Mentre proprio a Trieste funziona l’unico “campo di sterminio” in Italia,la Risiera di San Sabba, nel quale transitarono circa 8000 deportati e 3500 passarono attraverso i camini dei forni crematori!
Noi ricordiamo che in questo contesto si sviluppa la tragedia del fronte orientale. Una tragedia che colpirà anche innocenti travolti dall’odio e dalle vendette prodotte da una guerra disperata. Così migliaia di persone (non si hanno dati certi e nemmeno riscontri certi) scompaiono: fucilate perché fascisti e collaborazionisti o vittime innocenti delle vendette e delle ritorsioni della “guerra civile” e centinaia gettate nelle foibe.

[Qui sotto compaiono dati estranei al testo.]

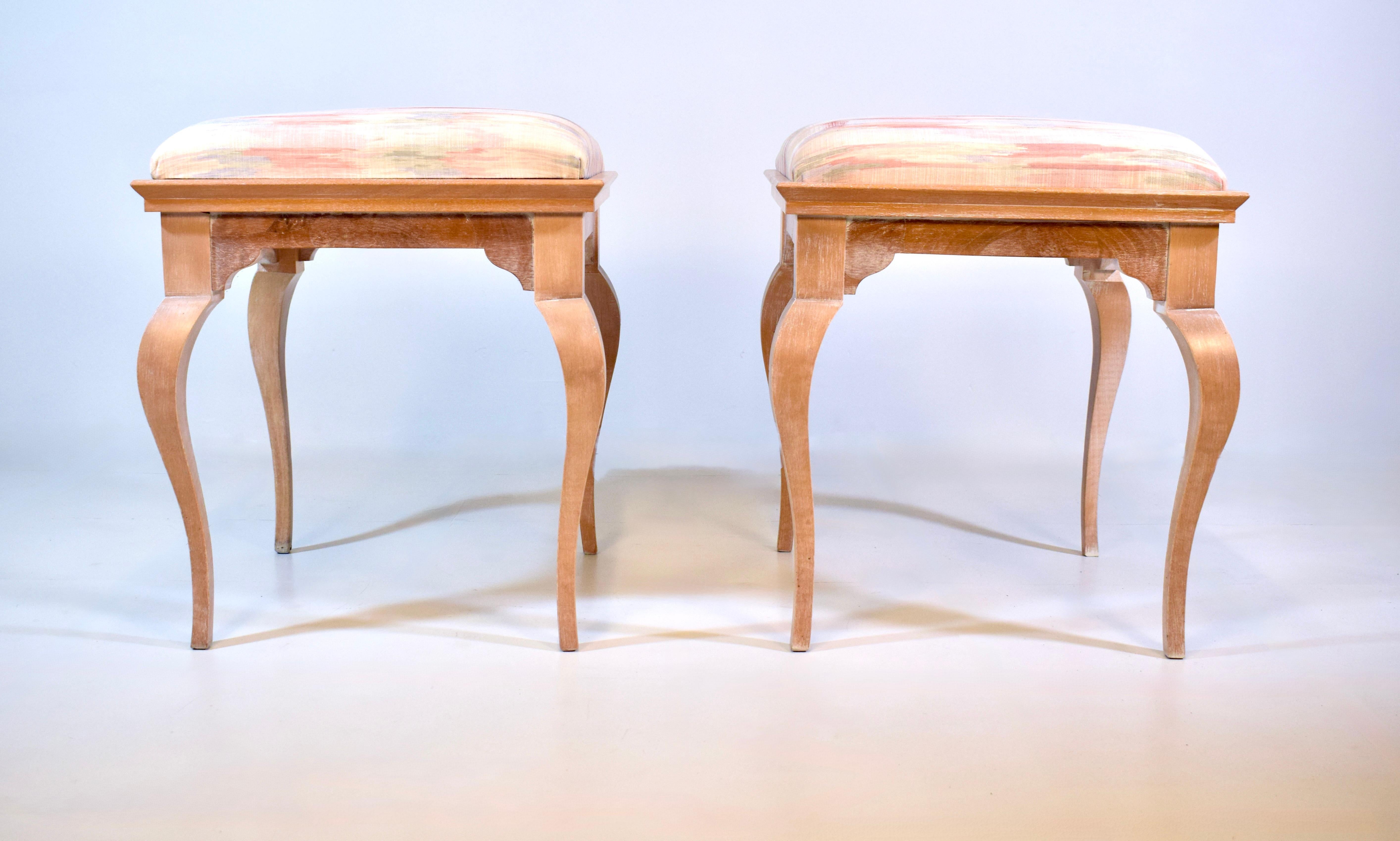 French Provincial Vintage French Country Birch Stools or Benches For Sale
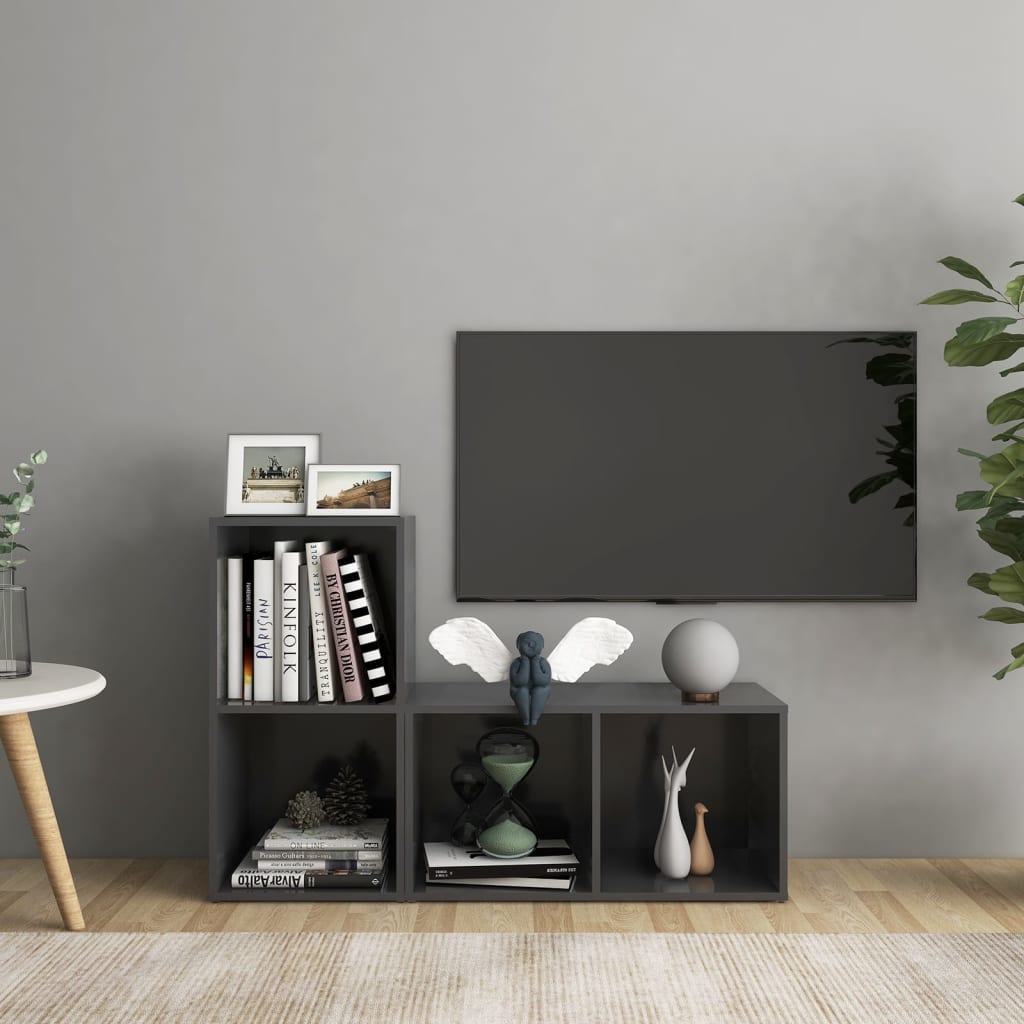 vidaXL Tv-meubelen 2 st 72x35x36,5 cm bewerkt hout grijs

La questione delle foibe non è una fiction che si possa spettacolarizzare con lacrime e retorica, è una tragica circostanza della storia sulla quale si deve riflettere con rigore e con pietà.
Noi ricordiamo che dopo la guerra nell’arco di una decina di anni molti abbandonano l’Istria e la Dalmazia, circa 300.000 persone, tra queste anche 30.000 croati e 10.000 sloveni. Certamente una parte perché compromessa con il governo fascista, ma la maggioranza perché non volevano vivere in un sistema socialista, nonostante che gli fosse stata offerta la possibilità di scegliere la cittadinanza. Quei profughi furono trattati con diffidenza dallo Stato italiano, che costruì per loro insediamenti nelle periferie delle città e furono utilizzati come massa di voti anticomunisti dalla Democrazia Cristiana e dal Movimento Sociale.
Il silenzio caduto per anni su questo pezzo di storia ha a che fare con la mediocrità di un ceto politico, interclassista e trasformista, che per quasi cinquant’anni ha dialogato con la destra neofascista direttamente o attraverso elementi delle Forze dell’ordine e dei Servizi segreti…
Eppure oggi che dovremmo continuare a riflettere su tutto questo, oggi che dovremmo continuare la ricerca per capire e per condannare tutte le guerre, i “neofascisti in grigio” (come recita il nuovo libro del prof. Claudio Vercelli) colgono l’occasione per costruire edifici ideologici che inseguono miti nazionalisti, riferendosi a improbabili identità culturali e a discendenze imperiali millenarie, con la complicità delle istituzioni impegnate nella caccia al facile consenso politico-elettorale.
Ma noi ricordiamo perché non possiamo dimenticare. Così all’ostinazione identitaria, al nazionalismo e al degrado culturale, rispondiamo con l’antifascismo attivo, dicendo no alle guerre e avendo pietà per i morti.